25/02/2016

Culinária - em vez de "resgatar", ´bora plantar?

Acho curioso o uso do termo “resgate” aplicado à culinária. Muita gente, com ares de antropólogo, se propõe estudar receitas antigas com o objetivo de “resgata-las”. O uso do termo, talvez tomado de empréstimo à arqueologia, é bastante inadequado, pois uma receita nunca está “extinta” como um dinossauro.  Pode ter caido em desuso, mas continuará viva como enunciado sobre como se prepara um determinado prato. Existe na memória. Faz quem quer, desde que encontre os ingredientes e a motivação, a qualquer tempo (e você nem imagina o que eu faria com um cesto de cambucá!)

Os “resgateiros”, ao contrário, acham que temos uma certa obrigação moral de recriar determinados modos de vida que o capitalismo destruiu, imaginando, assim, recuperar valores sociais comunitários tão caros. Não raro, acham que sem aqueles pratos que desapareceram a identidade das pessoas - e, então, a sua felicidade - está em risco. São idealistas no pior sentido da palavra.

Esta antropologia de conveniência se esquece que a culinária é, acima de tudo, uma atividade material, prática, dedicada a solucionar os problemas alimentares das pessoas concretas. Se mudam as condições sociais, é claro que a culinária também mudará. Por que o que ficou “para trás” deve ser considerado mais importante? Não faz sentido.

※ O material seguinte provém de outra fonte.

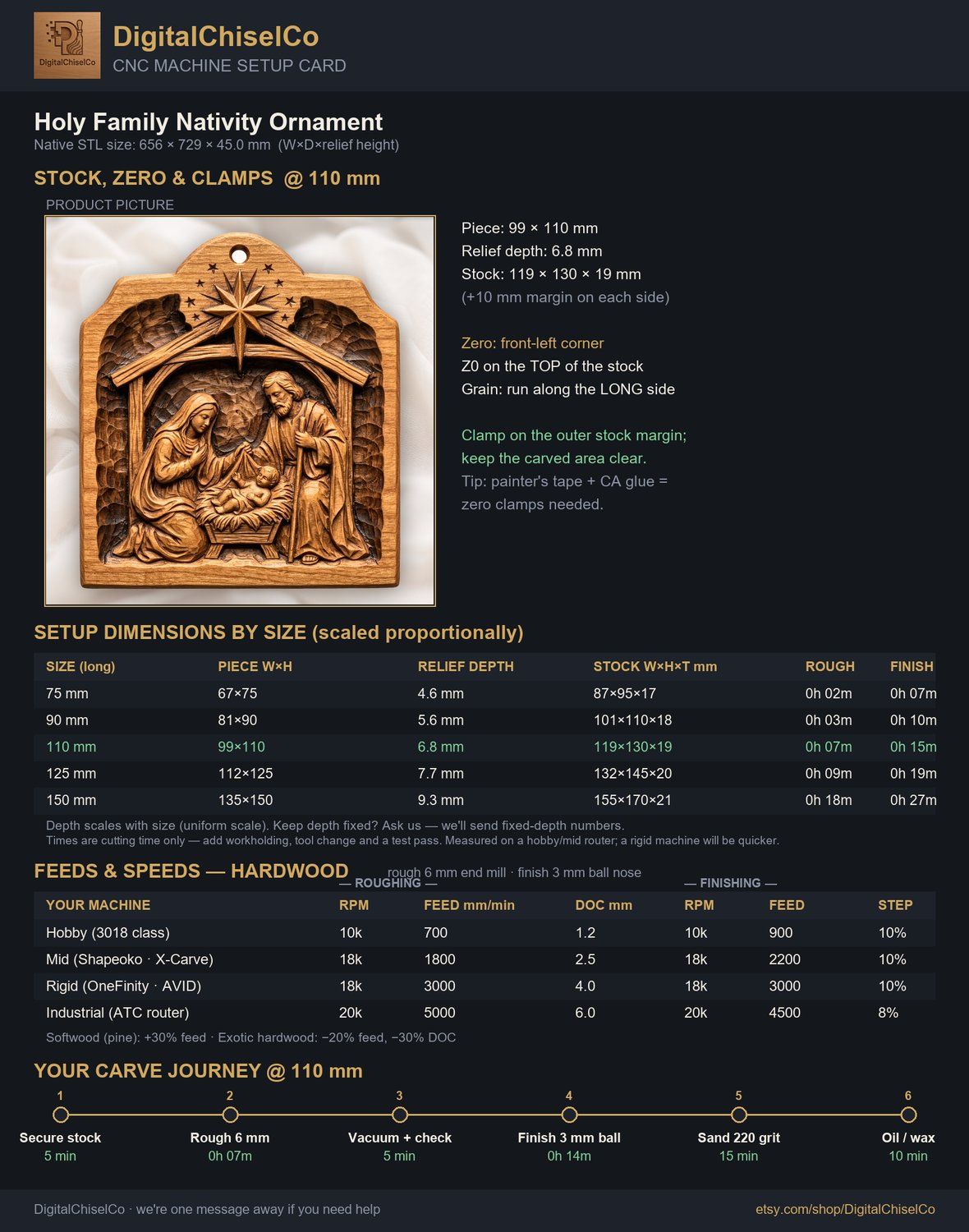 Holy Family Nativity Ornament CNC Relief STL bas-relief STL — view 2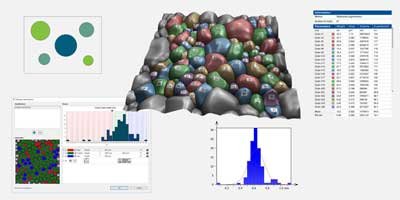Particle Analysis (Module)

 Outra coisa são os ingredientes, cuja extinção paulatina é mesmo grave na medida em que diminui o arco de possibilidades de transformações culinárias atuais. E quem mais age nesse sentido é a agricultura moderna. Achamos bacana encontrar no mercado a jabuticaba, por exemplo, mas quantas e quantas variedades de jabuticaba simplesmente desapareceram nos últimos 50 anos enquanto a variedade “sabará” se tornava commodity? Onde foi parar o cambucá, a macaúba, o araçá, o marmelo, o jambo de cheiro, e mesmo dezenas de variedades de mangas massacradas pela palmer - variedade norte-americana “sem fiapo”? Essas sim são frutas que deveriam ser resgatadas (porque praticamente extintas no Brasil) mantendo viva a possibilidade de uma culinária rica e diversificada a qualquer tempo.